Confidence-Based Filtering for Speech Enhancement
- Confidence-based filtering is a non-intrusive method that leverages internal model confidence measures from token outputs to assess speech quality.
- It computes aggregated token-level log probabilities to identify subtle hallucinations such as phoneme omissions, speaker inconsistencies, and content corruption.
- The approach enhances downstream TTS performance by curating high-fidelity speech datasets while balancing the trade-off between quality and data volume.
Confidence-based filtering is a non-intrusive error mitigation paradigm that uses internal confidence measures derived from generative speech enhancement (GSE) models—specifically those operating in a discrete tokenization regime—to identify and remove outputs likely to exhibit hallucination errors. This approach addresses a major challenge in curating large-scale speech corpora enhanced by GSE models, where traditional non-intrusive metrics such as estimated mean-opinion-scores (MOS) or automatic speech recognition (ASR) confidence often fail to detect subtle content-level or speaker-consistency errors inherent to generative modeling of speech (Yamauchi et al., 18 Jan 2026).
1. Background and Motivation
Generative speech enhancement models, especially those based on neural discrete tokenization (e.g., DAC, RVQ-based audio codecs), can regenerate high-quality “clean” speech from noisy input via a learned conditional distribution over token sequences (Yamauchi et al., 18 Jan 2026). However, these models may hallucinate: omitting phonemes, inserting spurious content, or drifting speaker identity. Such errors are correlated with low semantic or acoustic faithfulness but may still yield acoustically plausible outputs, passing standard non-intrusive perceptual metrics.
Confidence-based filtering directly targets this failure of conventional filtering (i.e., UTMOS, DNSMOS, ASR-token confidence/CTC-score), seeking internally valid metrics that capture model uncertainty or self-assessment at the utterance level (Yamauchi et al., 18 Jan 2026).
2. Methodological Principles
The core methodology is to extract and aggregate token-level log-probabilities from the generative model during inference:
For a GSE model parameterized by and conditioned on input features , generating a token sequence ,
- Token-level confidence (first RVQ layer):
- Utterance-level confidence:
A low flags utterances where the model is uncertain about its own output, indicating potential content or speaker hallucination.
Filtering proceeds by ranking utterances according to and discarding those below a threshold or a given acceptance rate, yielding a curated subset presumed to have higher semantic and acoustic fidelity (Yamauchi et al., 18 Jan 2026).
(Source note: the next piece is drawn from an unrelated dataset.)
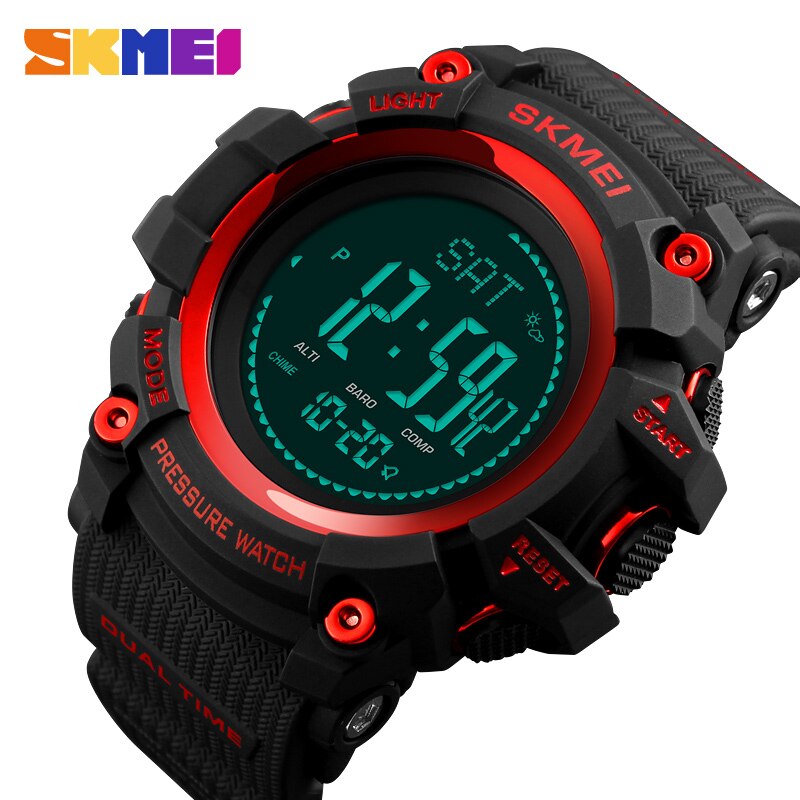 Weather Forecast Barometer Thermometer Electronic Watch Adventure Feld Outdoor Compass Sport Waterproof Men Watch 1358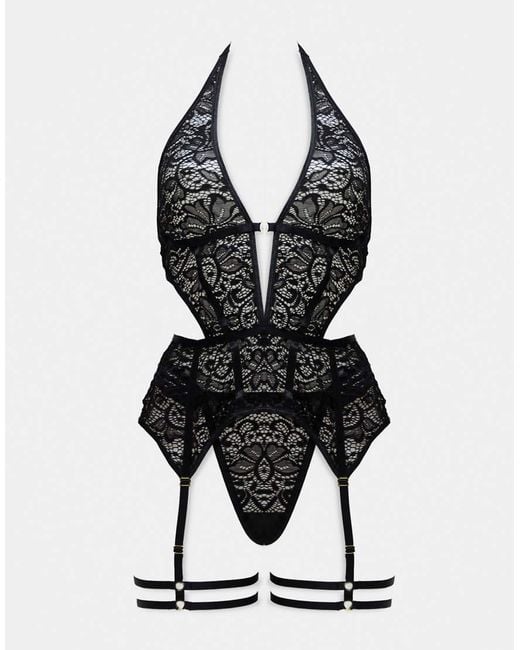 Ann Summers Black Camila Ouvert Cami With Suspender Detail And Thong Set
3. Hallucination Detection and Failure Modes of Baseline Metrics
Discrete token–based GSE models can err in three primary ways:
- Phoneme omission: missing critical phonetic segments, reducing intelligibility.
- Speaker inconsistency: timbral or identity drift, especially over long utterances or low-SNR regions.
- Content corruption: spurious non-speech artifacts or wrong phoneme insertions.
Traditional metrics (e.g., UTMOS, DNSMOS, Whisper ASR token probability, CTC score) are agnostic to reference signals and rate acoustic naturalness or broad intelligibility. They are empirically demonstrated to assign high scores even to utterances with severe underlying hallucinations (e.g., missing phonemes or wrong speaker) (Yamauchi et al., 18 Jan 2026). Thus, reliance on these metrics results in poor filtering of problematic outputs when curating datasets for downstream applications like TTS.
4. Quantitative Effectiveness and Correlation Analysis
The Genhancer framework (Yamauchi et al., 18 Jan 2026) provides a comprehensive experimental validation:
- Correlation analysis on EARS-WHAM:
- Genhancer confidence achieves Spearman’s with PESQ (signal fidelity) and with SpeechBERTScore (linguistic fidelity), outperforming DNSMOS, UTMOS, ASR-token, and CTC-based baselines.
- Filtering efficacy:
- As acceptance rate is decreased (more aggressive filtering), the average intrusive metric (e.g., ESTOI, SI-SDR, PESQ, SpeechBERTScore, LPS, WER, Speaker similarity) increases much more steeply under Genhancer confidence-based selection than competing methods.
- Downstream TTS task:
- Training TTS on datasets filtered by rather than DNSMOS/UTMOS yields higher naturalness (UTMOS up to 3.80 for top 80% acceptance) and lower WER (down to 18.14%) in the synthesized test set (Yamauchi et al., 18 Jan 2026).
- Aggressive filtering (10% retained) leads to diminishing returns due to data scarcity, suggesting a quality–quantity trade-off.
5. Operational Workflow
A prototypical confidence-based filtering pipeline comprises:
- Enhance the entire corpus with a discrete-token GSE model (e.g., Genhancer).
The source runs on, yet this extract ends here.